All the starches beckoned to be sampled, so we had to chose: the rigatoni Amatriciana and the classic risotto Milanese. Both were superb. The risotto, served in a shallow bowl with a wide lip, was the color of wet marigolds, swirled with veal juice which added a discernible depth of flavor (not that the risotta wasn’t rich and perfectly al dente to begin with). The Amatriciana was playful: served forth with each piece of perfectly cooked rigatoni upright in a filled circle on the plate, wrapped in sauce, with three strips of crisped pancetta, all pink and white stripes, jutting out like flags. I wish there were more pasta on the plate, especially for the 18 euro price tag, because it was delicious.
We shared a main course, the osso buco, which comes osso-less! Oddly, I thought this was the weakest dish because deboning deflated the anticipation of drama that is inherent in more typical presentations. The potato puree that accompanies the osso buco is something I aspire to in my own kitchen: so smooth it’s almost liquid, but with not even a hint of gumminess.

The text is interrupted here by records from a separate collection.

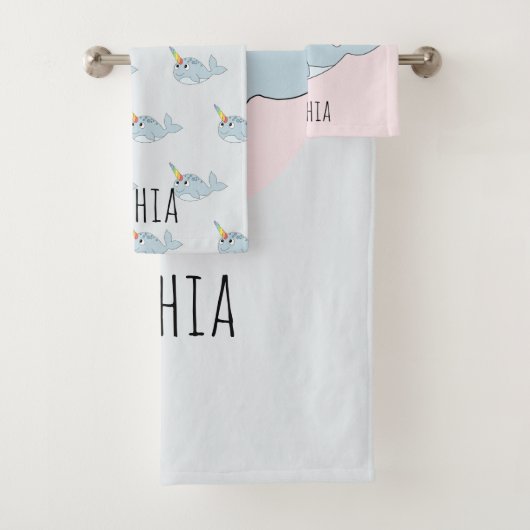 Meisjes Whimsical Rainbow Narwhal Cartoon Naam Kin Bad Handdoek (Insitu)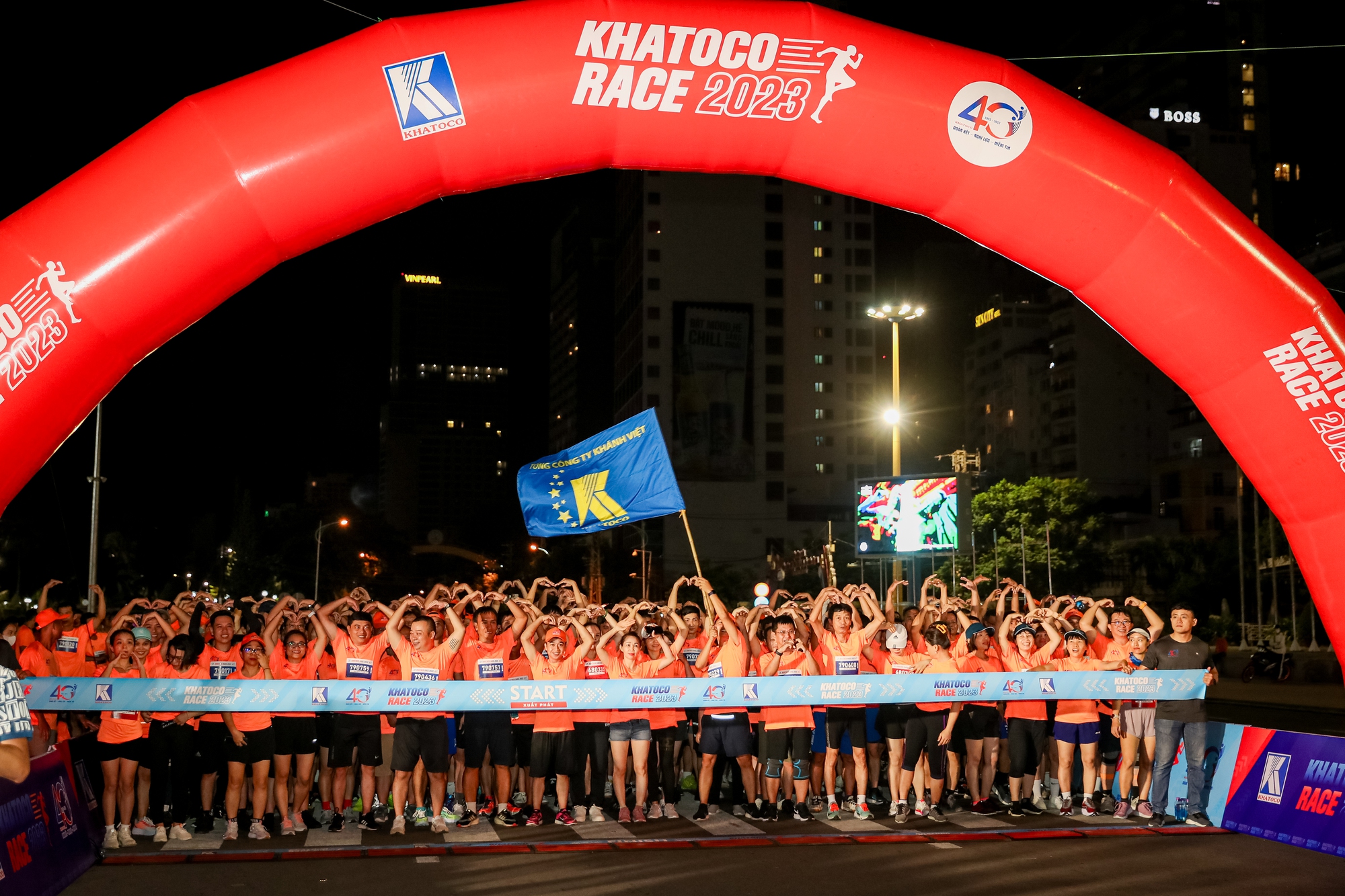 Giải chạy Khatoco Race 2023 thu hút hơn 1.300 vận động viên - Ảnh 2.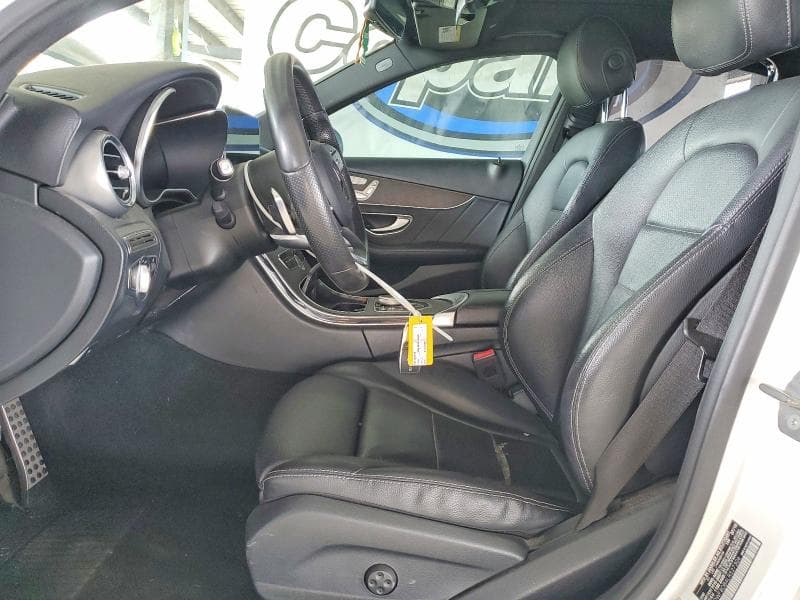 2020 MERCEDES-BENZ C 300 7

Next, came dessert: the panna cota is a study in contradictions but opposites, after all, attract. The cream was silky with evident body, served in a parfait-like glass, and topped with a crunchy granita of frozen espresso. I couldn’t get enough of either. In the chocolate pave I thought the contrasts were a little untamed, the dense opulence of a delicious chocolate ganache whipped by a very tart mango sorbet. I wanted more harmony.

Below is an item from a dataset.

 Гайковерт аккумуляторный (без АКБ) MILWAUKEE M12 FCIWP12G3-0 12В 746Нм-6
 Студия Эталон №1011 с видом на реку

One detail that remained with me all night: just as heels do make a woman’s legs prettier, so do proper plates give an aesthetic boost to the food. Fuga’s plates are all white and expansive but in a way that embraces each dish.
Kudos.
Athens Area: Centrally located, just above the Megaron Mousikis (Athens Concert Hall)
Décor: Expansive and uplifting, with a great view of the modern city below
Service: Excellent
Wine List: Italian, French and Greek wines dominate the list
Prices: 50-70 euro without wine. Our bill for two came to 171 euro with a bottle of Ktima Merkouri, one of the least expensive (Greek) reds on the list.